Les virus deviennent géants mais sont-ils pour autant vivants ?

L’étude des virus permet de comprendre le vivant mais aussi de tracer des questions sur ce que nous ignorons de la vie car plus les données s’accumulent et moins le schéma devient clair, notamment avec la découverte il y a dix d’un virus géant baptisé mimivirus pour signifier qu’il imite les microbes, non pas dans son mode d’existence mais par sa taille microscopique et la dimension de son génome. 1.18 million de bases ADN et mille gènes, plus que chez certaines bactéries.
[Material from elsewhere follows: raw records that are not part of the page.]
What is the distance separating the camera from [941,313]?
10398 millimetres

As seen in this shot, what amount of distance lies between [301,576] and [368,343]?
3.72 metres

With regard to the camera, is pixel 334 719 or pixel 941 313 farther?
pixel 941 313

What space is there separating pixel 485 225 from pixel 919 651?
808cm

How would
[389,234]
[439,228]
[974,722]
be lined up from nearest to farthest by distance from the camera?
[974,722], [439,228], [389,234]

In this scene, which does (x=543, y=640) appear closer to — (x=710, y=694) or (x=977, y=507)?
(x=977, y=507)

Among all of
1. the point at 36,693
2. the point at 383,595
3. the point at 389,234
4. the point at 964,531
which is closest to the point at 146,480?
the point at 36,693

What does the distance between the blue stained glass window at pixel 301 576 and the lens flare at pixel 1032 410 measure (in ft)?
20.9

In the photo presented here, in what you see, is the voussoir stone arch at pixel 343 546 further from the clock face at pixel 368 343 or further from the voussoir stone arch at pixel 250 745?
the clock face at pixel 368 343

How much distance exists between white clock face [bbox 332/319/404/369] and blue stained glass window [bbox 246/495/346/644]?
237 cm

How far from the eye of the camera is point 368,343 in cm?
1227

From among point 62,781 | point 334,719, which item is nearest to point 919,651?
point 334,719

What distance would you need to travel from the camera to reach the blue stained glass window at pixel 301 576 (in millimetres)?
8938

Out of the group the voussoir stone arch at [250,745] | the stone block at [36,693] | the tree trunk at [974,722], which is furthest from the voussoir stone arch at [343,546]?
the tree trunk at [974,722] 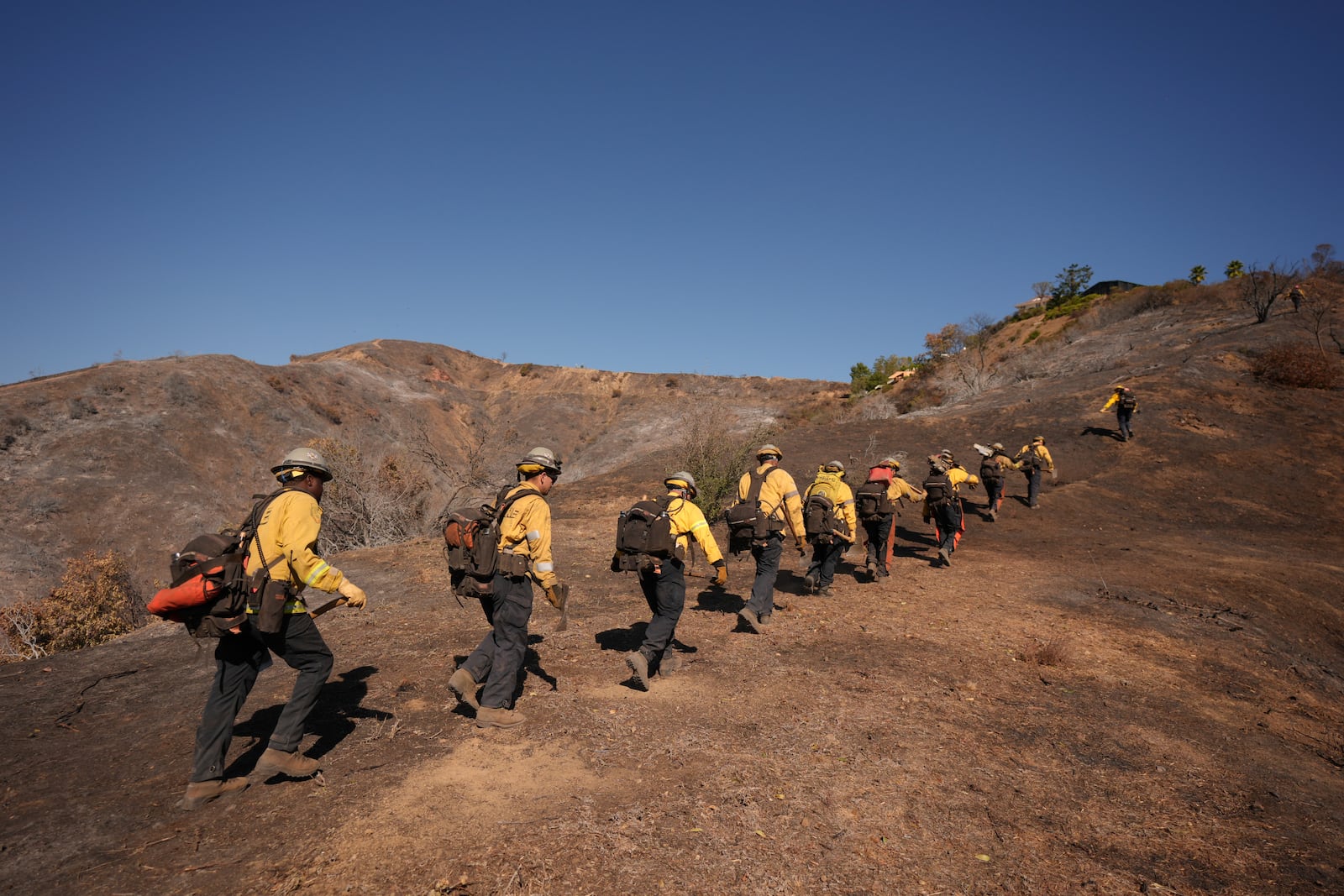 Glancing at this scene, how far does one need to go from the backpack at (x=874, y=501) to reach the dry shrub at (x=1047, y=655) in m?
3.04

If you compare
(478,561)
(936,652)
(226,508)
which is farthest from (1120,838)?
(226,508)

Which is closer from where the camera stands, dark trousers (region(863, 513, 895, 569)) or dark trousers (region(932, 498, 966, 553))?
dark trousers (region(863, 513, 895, 569))

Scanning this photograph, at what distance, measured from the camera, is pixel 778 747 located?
16.8 feet

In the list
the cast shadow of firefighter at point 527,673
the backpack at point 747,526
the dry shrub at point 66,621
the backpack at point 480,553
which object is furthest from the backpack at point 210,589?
the dry shrub at point 66,621

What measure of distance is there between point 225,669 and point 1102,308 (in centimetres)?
5205

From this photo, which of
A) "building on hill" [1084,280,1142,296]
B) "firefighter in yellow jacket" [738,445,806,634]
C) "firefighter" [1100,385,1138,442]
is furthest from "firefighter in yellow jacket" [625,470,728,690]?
"building on hill" [1084,280,1142,296]

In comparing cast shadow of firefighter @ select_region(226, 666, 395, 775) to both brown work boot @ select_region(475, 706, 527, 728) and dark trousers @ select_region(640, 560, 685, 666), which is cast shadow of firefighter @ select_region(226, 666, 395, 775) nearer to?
brown work boot @ select_region(475, 706, 527, 728)

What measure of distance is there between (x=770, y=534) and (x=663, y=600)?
7.14 feet

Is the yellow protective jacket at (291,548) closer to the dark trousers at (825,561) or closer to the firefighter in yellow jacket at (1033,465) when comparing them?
the dark trousers at (825,561)

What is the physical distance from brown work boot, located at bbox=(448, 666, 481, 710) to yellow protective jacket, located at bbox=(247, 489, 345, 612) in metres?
1.37

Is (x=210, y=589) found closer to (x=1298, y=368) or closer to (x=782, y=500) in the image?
(x=782, y=500)

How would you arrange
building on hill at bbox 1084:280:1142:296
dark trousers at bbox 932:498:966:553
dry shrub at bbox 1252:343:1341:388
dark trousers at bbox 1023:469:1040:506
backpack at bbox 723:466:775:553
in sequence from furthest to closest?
building on hill at bbox 1084:280:1142:296
dry shrub at bbox 1252:343:1341:388
dark trousers at bbox 1023:469:1040:506
dark trousers at bbox 932:498:966:553
backpack at bbox 723:466:775:553

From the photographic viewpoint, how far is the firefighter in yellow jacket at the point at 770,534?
26.3ft

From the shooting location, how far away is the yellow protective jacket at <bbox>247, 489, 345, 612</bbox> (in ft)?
13.8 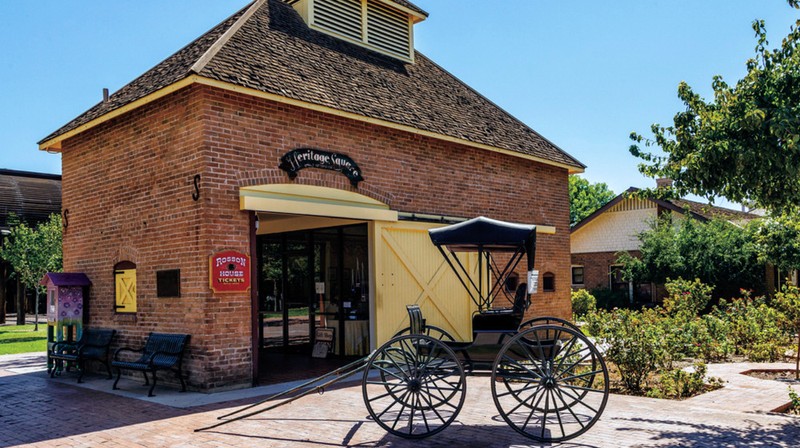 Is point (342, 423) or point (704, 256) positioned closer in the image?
point (342, 423)

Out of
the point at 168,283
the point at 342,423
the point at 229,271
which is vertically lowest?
the point at 342,423

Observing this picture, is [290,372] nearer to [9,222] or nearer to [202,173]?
[202,173]

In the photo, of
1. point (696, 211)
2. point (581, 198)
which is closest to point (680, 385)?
point (696, 211)

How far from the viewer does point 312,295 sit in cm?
1438

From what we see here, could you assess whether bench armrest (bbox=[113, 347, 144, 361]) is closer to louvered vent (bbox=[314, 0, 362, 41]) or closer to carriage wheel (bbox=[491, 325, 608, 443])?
carriage wheel (bbox=[491, 325, 608, 443])

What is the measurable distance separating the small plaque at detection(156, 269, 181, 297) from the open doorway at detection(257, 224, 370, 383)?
2.59 metres

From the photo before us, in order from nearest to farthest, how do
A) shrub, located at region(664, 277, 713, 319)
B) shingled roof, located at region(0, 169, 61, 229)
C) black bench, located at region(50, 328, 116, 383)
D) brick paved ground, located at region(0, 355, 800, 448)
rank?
brick paved ground, located at region(0, 355, 800, 448)
black bench, located at region(50, 328, 116, 383)
shrub, located at region(664, 277, 713, 319)
shingled roof, located at region(0, 169, 61, 229)

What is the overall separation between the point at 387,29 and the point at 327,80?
4.53m

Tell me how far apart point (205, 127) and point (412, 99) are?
5769 millimetres

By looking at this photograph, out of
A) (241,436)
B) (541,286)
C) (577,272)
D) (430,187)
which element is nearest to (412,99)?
(430,187)

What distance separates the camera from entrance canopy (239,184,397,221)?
1055 cm

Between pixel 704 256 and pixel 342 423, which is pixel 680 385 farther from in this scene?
pixel 704 256

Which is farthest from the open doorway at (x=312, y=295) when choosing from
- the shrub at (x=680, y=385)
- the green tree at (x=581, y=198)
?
the green tree at (x=581, y=198)

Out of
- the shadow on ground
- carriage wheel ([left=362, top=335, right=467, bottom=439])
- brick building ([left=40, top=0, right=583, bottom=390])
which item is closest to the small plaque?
brick building ([left=40, top=0, right=583, bottom=390]) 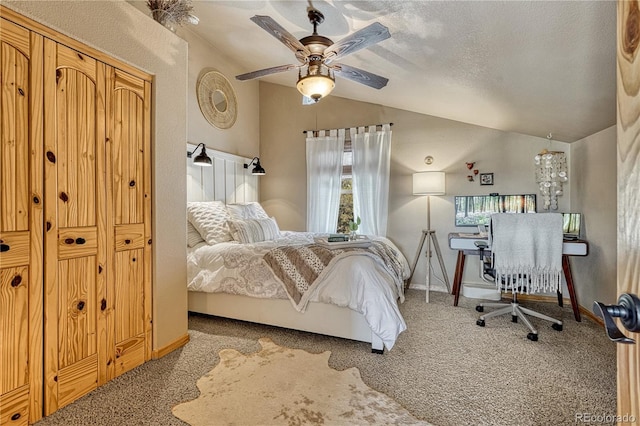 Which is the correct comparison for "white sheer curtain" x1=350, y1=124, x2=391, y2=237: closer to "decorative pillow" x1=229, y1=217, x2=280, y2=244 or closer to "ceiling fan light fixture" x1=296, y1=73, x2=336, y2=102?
"decorative pillow" x1=229, y1=217, x2=280, y2=244

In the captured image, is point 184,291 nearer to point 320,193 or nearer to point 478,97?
point 320,193

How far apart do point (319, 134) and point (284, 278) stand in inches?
116

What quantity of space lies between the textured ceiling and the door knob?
153 centimetres

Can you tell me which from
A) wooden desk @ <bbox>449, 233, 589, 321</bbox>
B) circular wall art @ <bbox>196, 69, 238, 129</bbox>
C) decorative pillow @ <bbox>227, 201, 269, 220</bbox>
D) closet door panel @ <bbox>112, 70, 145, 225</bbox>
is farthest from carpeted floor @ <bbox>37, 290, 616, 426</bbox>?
circular wall art @ <bbox>196, 69, 238, 129</bbox>

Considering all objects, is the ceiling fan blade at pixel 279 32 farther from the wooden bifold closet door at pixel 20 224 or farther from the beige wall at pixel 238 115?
the beige wall at pixel 238 115

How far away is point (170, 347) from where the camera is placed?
2314mm

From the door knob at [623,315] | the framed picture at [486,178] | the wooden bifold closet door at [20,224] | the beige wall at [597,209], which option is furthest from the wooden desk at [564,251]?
the wooden bifold closet door at [20,224]

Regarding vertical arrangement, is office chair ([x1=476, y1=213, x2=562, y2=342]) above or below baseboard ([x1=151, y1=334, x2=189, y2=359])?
above

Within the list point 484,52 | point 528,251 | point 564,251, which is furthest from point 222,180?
point 564,251

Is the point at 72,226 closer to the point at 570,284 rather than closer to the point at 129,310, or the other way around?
the point at 129,310

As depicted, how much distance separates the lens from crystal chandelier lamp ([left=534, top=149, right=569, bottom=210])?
11.3 ft

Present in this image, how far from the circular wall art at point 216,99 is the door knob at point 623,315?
14.3 feet

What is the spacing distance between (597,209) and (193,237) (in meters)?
4.15

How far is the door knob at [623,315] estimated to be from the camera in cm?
45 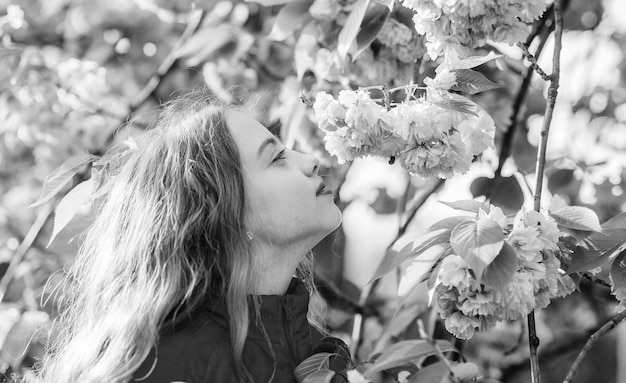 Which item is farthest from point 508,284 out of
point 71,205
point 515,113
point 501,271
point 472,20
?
point 515,113

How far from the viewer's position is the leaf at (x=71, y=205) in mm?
1437

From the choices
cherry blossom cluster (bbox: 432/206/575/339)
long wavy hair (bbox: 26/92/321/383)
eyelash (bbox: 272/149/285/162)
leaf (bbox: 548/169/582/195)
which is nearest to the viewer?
cherry blossom cluster (bbox: 432/206/575/339)

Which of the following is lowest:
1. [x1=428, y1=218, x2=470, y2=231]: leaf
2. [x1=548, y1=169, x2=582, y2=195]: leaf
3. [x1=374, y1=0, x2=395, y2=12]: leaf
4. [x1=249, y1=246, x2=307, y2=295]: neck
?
[x1=548, y1=169, x2=582, y2=195]: leaf

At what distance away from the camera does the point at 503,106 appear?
1.93 m

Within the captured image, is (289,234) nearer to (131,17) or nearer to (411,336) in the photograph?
(411,336)

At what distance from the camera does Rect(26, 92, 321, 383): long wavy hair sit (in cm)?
123

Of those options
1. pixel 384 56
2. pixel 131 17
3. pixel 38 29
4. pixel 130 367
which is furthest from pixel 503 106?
pixel 38 29

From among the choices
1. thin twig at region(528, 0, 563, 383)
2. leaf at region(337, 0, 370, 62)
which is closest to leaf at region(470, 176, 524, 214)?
leaf at region(337, 0, 370, 62)

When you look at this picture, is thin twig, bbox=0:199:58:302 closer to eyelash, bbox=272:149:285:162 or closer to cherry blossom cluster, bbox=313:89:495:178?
eyelash, bbox=272:149:285:162

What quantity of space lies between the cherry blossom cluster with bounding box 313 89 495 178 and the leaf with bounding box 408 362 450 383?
323 millimetres

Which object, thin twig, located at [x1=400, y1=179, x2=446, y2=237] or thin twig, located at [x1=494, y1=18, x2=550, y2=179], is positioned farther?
thin twig, located at [x1=400, y1=179, x2=446, y2=237]

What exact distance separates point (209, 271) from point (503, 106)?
3.08 feet

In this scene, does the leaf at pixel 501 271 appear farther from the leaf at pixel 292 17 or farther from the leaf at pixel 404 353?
the leaf at pixel 292 17

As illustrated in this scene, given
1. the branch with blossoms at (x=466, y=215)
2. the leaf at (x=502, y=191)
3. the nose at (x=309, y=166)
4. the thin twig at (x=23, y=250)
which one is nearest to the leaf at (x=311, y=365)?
the branch with blossoms at (x=466, y=215)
Le mimivirus infecte une espèce très étudiée d’amibes, l’acanthamobea. Par la suite, d’autres virus géants ont été découverts, le record établi étant accordé au megavirus chilensis (1.26 Mb) isolé au Chili et lui aussi infectant les amibes. Autre curiosité, le mamavirus, un peu plus petit que les précédents, isolé dans une tour réfrigérante à Paris et dont la particularité est d’être lui-même injecté par le virus sputnik, une première dans la taxinomie virale. Mais la logique est respectée. Le propre d’un virus étant de se reproduire en utilisant un organisme hôte qui peut être un organisme pluricellulaire, animal ou plante, une simple cellule, eucaryote comme l’amibe ou procaryote dans le cas des bactériophages si nombreux dans votre estomac alors, dernière étape, le virophage qui se sert des mécanismes d’un hôte lui-même virus.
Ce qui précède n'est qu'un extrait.